**WORK ORDER**. Only the pictures are to be dropped; the rest of the data below is to be duplicated exactly.

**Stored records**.

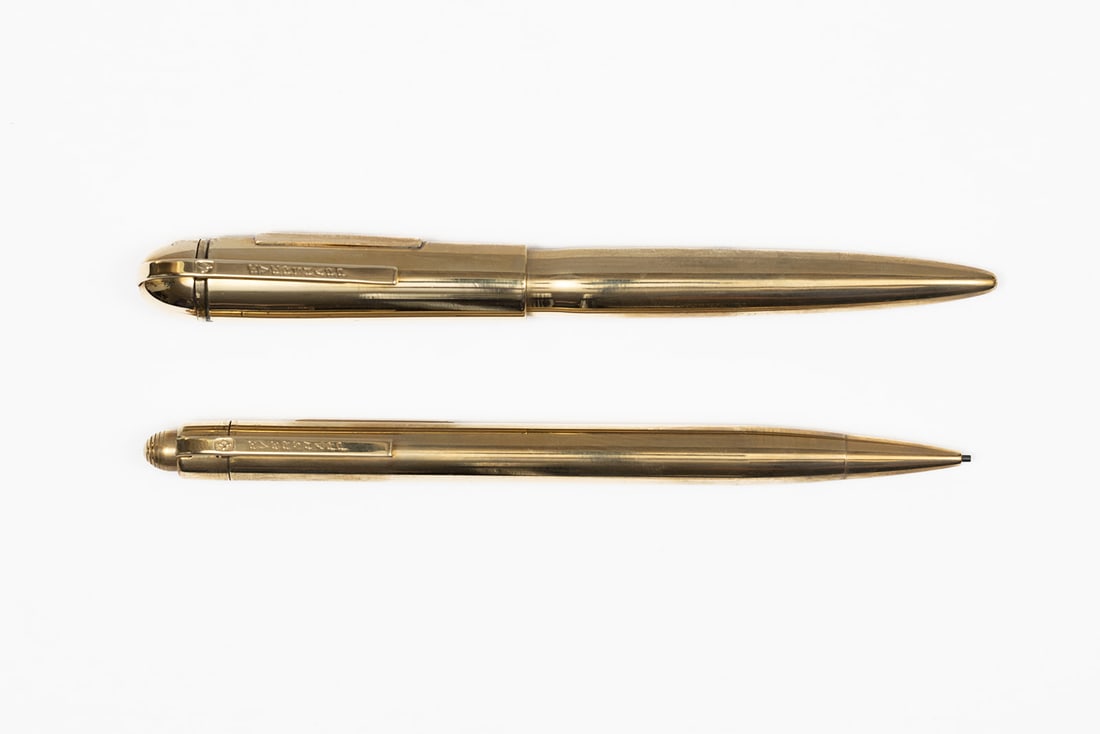 Wahl Eversharp Skyline Solid 14K Gold Fountain Pen Set: Wahl Eversharp Skyline solid 14K gold set. This Skyline Gold Award smooth solid 14K fountain pen and pencil set with 14K fine Eversharp nib, pen weight 30.8g and pencil 24.4g. Length 5 1/4” each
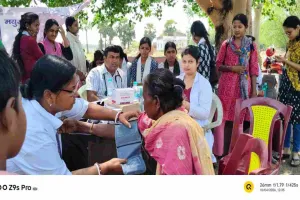 Dumka News: आमजोड़ा में NSS का बड़ा अभियान: फ्री हेल्थ कैंप में 50 ग्रामीणों की जांच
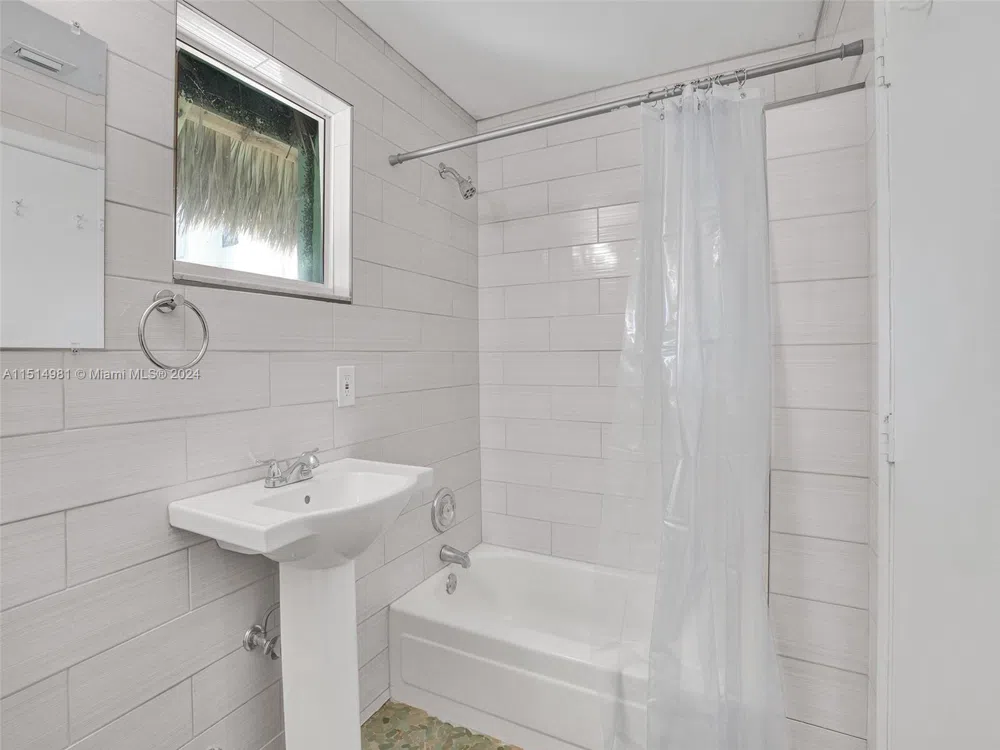 900 Surf Rd #2 Hollywood, FL 33019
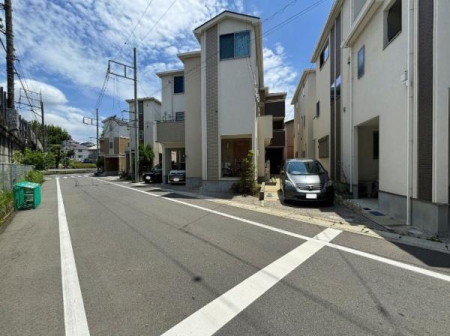 �_�ސ쌧���s�{�O����{��1���ڂ̒��È�ˌ��Ă̑O�ʓ��H�܂ތ��n�ʐ^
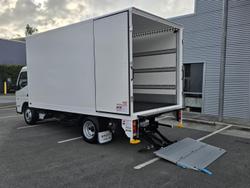 2025 Fuso Canter 515 WHITE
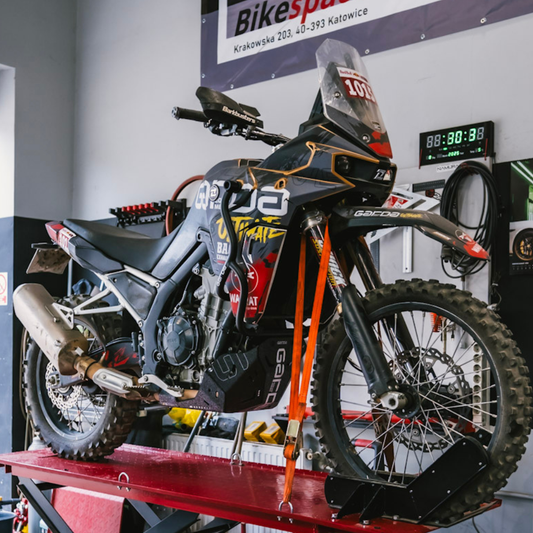 Gmole i osłona silnika GARDA do Kove 800X – lekka ochrona bez kompromisów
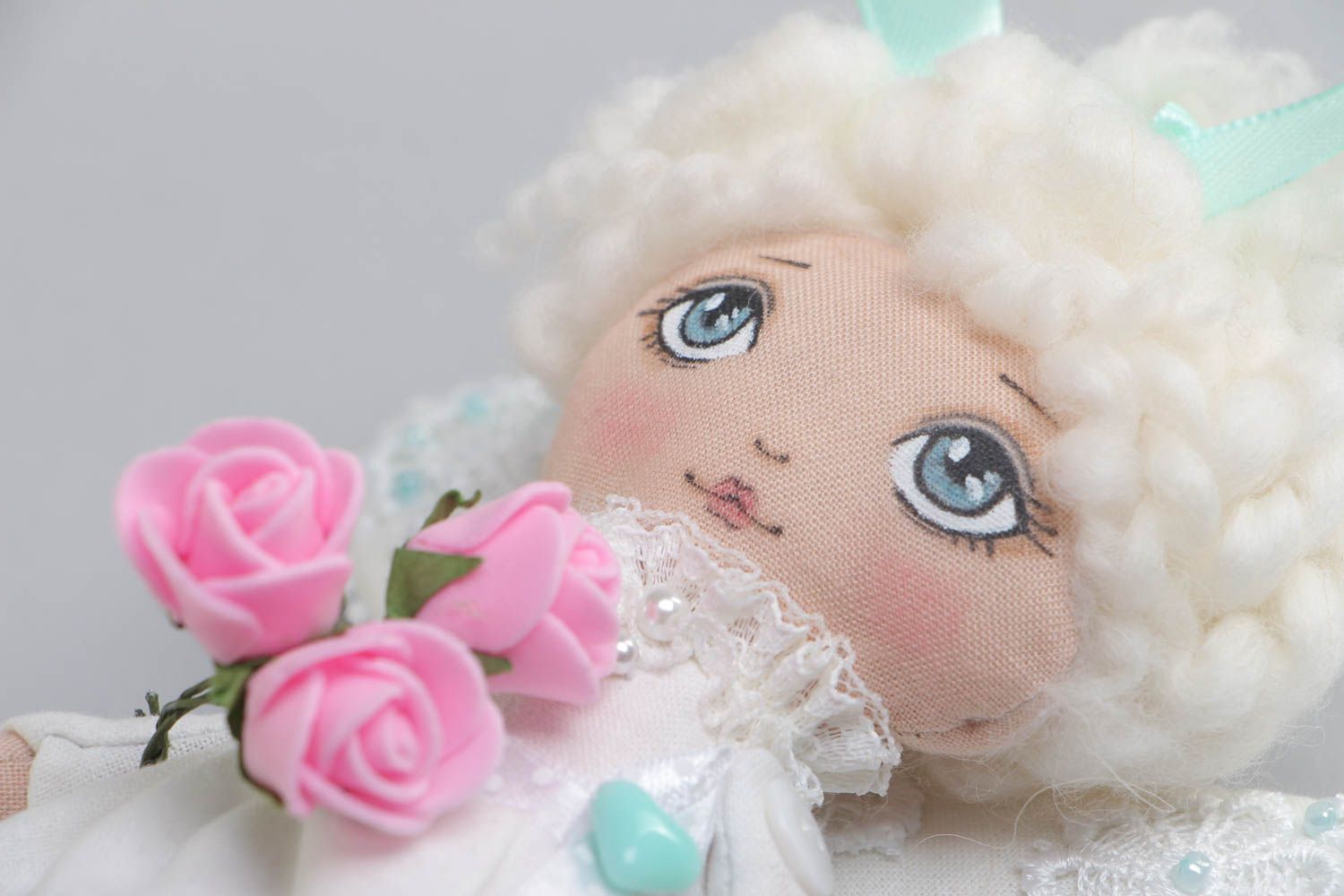 Мягкая тканевая игрушка Ангелочек в платье из хлопковой ткани ручной работы фото 3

**ANSWER SECTION**.
 Wahl Eversharp Skyline Solid 14K Gold Fountain Pen Set: Wahl Eversharp Skyline solid 14K gold set. This Skyline Gold Award smooth solid 14K fountain pen and pencil set with 14K fine Eversharp nib, pen weight 30.8g and pencil 24.4g. Length 5 1/4” each
 Dumka News: आमजोड़ा में NSS का बड़ा अभियान: फ्री हेल्थ कैंप में 50 ग्रामीणों की जांच
 900 Surf Rd #2 Hollywood, FL 33019
 �_�ސ쌧���s�{�O����{��1���ڂ̒��È�ˌ��Ă̑O�ʓ��H�܂ތ��n�ʐ^
 2025 Fuso Canter 515 WHITE
 Gmole i osłona silnika GARDA do Kove 800X – lekka ochrona bez kompromisów
 Мягкая тканевая игрушка Ангелочек в платье из хлопковой ткани ручной работы фото 3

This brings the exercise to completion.